One of the great oddities of our present moment is the overwhelming sense of stubborn conformism. The need to relish in specific designer trends and pose in the aesthetic of the middle or upper class is so strong that the rebels now find themselves shunned in popular media. The pressures of establishing oneself in a solid career and making a respectable income have turned collegial life into a Darwinian landscape of predatory competitiveness, where attainment of status supersedes any real intellectual growth. Do your homework, prove you can recite what the lecture told you, and off you go.
Even political rebellion now takes on the form of slick websites and liberals find themselves rehabilitating George W. Bush. All this as headlines grow more extreme, fear is constant and political life falls apart. As Susan Sontag wrote in The Imagination of Disaster, with much portent, “Ours is indeed an age of extremity. For we live under continual threat of two equally fearful, but seemingly opposed destinies: unremitting banality and inconceivable terror.” In this terrain it is the freaks and outcasts who will save us.
The new season of Netflix’s Stranger Things is a fun but vital cultural phenomenon. Like its inaugural season, the new batch of episodes displays the elements that make it so popular: A nostalgic approach in which the 1980s are fully evoked. Its visual style is an elegant throwback to the picturesque, fairy tale-fueled visuals of films like E.T., Poltergeist, Labyrinth and It. The music, by Kyle Dixon and Michael Stein, is a synthesized homage to the scores of Giorgio Moroder and Tangerine Dream.
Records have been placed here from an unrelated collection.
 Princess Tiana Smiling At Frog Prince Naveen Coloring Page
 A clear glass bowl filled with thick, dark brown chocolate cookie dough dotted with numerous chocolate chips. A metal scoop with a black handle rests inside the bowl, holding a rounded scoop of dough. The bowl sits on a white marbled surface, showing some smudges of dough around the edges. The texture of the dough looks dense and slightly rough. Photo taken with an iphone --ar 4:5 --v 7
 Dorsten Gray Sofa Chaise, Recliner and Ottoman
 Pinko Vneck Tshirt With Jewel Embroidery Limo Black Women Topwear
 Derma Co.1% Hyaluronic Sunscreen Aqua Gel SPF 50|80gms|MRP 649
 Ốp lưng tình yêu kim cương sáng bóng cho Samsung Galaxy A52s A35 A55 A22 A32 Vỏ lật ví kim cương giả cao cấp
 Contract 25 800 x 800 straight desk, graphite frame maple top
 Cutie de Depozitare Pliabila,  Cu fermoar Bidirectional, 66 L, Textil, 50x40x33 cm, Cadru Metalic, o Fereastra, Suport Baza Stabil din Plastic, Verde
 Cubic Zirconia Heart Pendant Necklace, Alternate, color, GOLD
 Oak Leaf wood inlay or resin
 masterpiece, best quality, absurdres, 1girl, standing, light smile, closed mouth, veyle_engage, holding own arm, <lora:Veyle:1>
There is a meticulous sense of detail where everything from shoes to jackets to furniture feels absolutely authentic, like an era quite literally resurrected. And shot with the latest in modern film technology, we altogether feel this is a work from another time and place. Consider the opening credit sequence, in which the title appears in neon glow and we can catch faint film scratches on the image. Like Robert Rodriguez and Quentin Tarantino’s Grindhouse, the use of artificial film scratches completes the illusion (and thrill) that we are not watching a mere new work, but something that will take us back to a not so distant past.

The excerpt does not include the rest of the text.